We now come to the views of Savary, the Due de Rovigo, who avowedly remained on good terms with Bourrienne after his disgrace, though the friendship of Savary was not exactly a thing that most men would have much prided themselves on. “Bourrienne had a prodigious memory; he spoke and wrote in several languages, and his pen ran as quickly as one could speak. Nor were these the only advantages he possessed. He knew the routine of public business and public law. His activity and devotion made him indispensable to the First Consul. I knew the qualities which won for him the unlimited confidence of his chief, but I cannot speak with the same assurance of the faults which made him lose it. Bourrienne had many enemies, both on account of his character and of his place” (Savary, i. 418-19).
Marmont ought to be an impartial critic of the Memoirs. He says, “Bourrienne . . . had a very great capacity, but he is a striking example of the great truth that our passions are always bad counsellors. By inspiring us with an immoderate ardour to reach a fixed end, they often make us miss it. Bourrienne had an immoderate love of money. With his talents and his position near Bonaparte at the first dawn of greatness, with the confidence and real good-will which Bonaparte felt for him, in a few years he would have gained everything in fortune and in social position. But his eager impatience mined his career at the moment when it might have developed and increased” (Marmont, i. 64). The criticism appears just. As to the Memoirs, Marmont says (ii. 224), “In general, these Memoirs are of great veracity and powerful interest so long as they treat of what the author has seen and heard; but when he speaks of others, his work is only an assemblage of gratuitous suppositions and of false facts put forward for special purposes.”

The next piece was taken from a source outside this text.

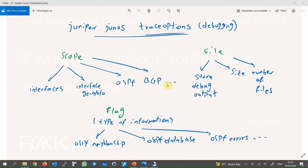To configure trace options you must first activate it in a specific context, then you need to configure at least two options: flag and file. With the flag option you specify which part of this specific context should be monitored. For example, in the OSPF context you can monitor only OSPF neighbor ship packets or also monitor OSPF database traffic. The file option allows you to configure the name of the file where the monitored information output will be stored.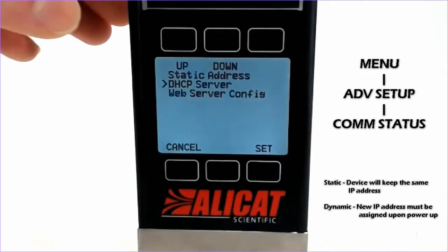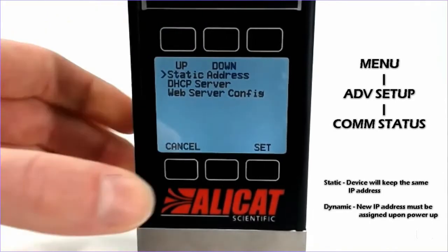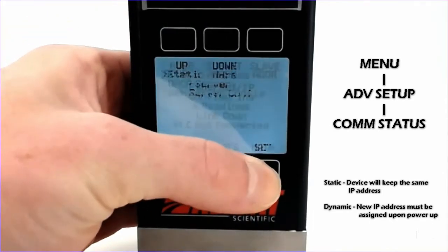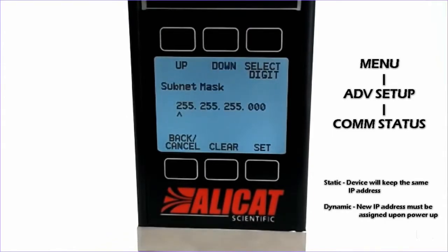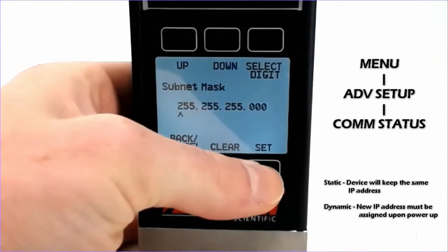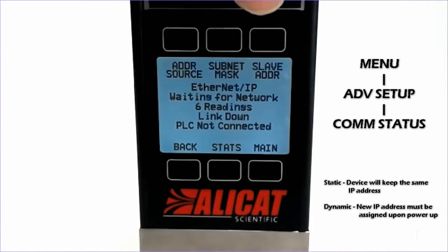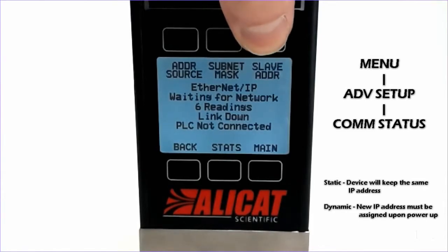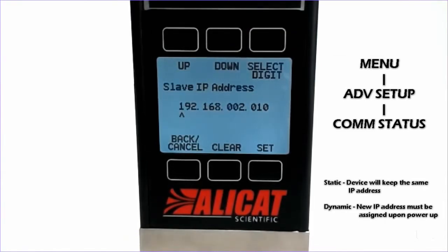If we first start with static address, hit Set. We can define a subnet mask at the top here and confirm that. And then we can assign a static IP address, and we will hit Set.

The Comte Alexandre de Puymaigre, who arrived at Hamburgh soon after Bourrienne had left it in 1810, says (page 135) of the part of the Memoirs which relates to Hamburg, “I must acknowledge that generally his assertions are well founded. This former companion of Napoleon has only forgotten to speak of the opinion that they had of him in this town.
“The truth is, that he was believed to have made much money there.”
Thus we may take Bourrienne as a clever, able man, who would have risen to the highest honours under the Empire had not his short-sighted grasping after lucre driven him from office, and prevented him from ever regaining it under Napoleon.